DATA EXTRACT
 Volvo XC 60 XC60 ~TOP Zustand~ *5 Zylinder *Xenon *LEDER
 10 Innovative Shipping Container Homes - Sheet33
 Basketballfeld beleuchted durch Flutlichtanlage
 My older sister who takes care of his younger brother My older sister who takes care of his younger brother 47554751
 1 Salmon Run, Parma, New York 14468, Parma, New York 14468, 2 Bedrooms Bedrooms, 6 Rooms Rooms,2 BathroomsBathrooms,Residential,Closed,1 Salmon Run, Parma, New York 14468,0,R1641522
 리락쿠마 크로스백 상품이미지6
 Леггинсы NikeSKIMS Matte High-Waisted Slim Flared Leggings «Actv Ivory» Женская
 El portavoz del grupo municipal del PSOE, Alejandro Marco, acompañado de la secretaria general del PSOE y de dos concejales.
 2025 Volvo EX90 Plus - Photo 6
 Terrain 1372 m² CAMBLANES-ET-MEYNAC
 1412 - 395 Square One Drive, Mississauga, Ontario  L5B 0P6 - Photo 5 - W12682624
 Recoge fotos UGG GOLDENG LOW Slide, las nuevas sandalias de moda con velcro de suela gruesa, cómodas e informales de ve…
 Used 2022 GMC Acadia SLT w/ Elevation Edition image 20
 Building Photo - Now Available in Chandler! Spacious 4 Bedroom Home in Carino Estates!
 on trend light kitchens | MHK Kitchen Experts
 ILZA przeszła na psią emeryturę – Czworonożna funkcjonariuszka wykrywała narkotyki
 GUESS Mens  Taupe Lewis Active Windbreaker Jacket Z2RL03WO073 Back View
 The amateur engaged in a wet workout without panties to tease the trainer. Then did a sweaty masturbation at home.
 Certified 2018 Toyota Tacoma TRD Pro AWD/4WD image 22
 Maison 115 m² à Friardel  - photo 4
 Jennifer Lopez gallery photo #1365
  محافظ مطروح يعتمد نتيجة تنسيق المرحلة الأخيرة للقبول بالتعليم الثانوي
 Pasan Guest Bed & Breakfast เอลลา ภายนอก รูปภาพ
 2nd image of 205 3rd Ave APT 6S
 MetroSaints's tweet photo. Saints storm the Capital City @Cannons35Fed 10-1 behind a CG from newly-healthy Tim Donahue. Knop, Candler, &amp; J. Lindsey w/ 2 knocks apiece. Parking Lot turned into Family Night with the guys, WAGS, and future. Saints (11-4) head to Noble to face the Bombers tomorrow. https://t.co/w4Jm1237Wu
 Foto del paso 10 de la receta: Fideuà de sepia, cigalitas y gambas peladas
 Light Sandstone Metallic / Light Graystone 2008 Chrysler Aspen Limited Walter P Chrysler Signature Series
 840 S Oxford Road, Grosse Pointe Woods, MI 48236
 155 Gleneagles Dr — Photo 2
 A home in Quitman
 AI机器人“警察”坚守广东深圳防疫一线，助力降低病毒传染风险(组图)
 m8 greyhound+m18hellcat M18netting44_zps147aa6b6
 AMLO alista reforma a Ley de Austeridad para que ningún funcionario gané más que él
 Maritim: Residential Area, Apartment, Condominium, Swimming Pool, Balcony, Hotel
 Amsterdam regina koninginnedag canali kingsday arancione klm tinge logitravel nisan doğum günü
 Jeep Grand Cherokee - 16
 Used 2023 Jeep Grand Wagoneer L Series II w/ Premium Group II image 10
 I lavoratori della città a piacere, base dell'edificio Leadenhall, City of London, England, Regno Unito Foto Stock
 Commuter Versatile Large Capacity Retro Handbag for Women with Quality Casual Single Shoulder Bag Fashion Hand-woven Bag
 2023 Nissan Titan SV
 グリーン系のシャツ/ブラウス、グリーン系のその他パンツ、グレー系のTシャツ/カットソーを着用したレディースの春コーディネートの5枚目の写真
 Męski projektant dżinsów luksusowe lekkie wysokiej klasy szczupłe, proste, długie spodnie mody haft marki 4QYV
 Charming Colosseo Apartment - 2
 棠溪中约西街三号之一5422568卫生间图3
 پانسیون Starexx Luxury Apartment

WORK TO COMPLETE
Please report how many lines of the material above contain the string "Residential", with no other words.

REPLY
2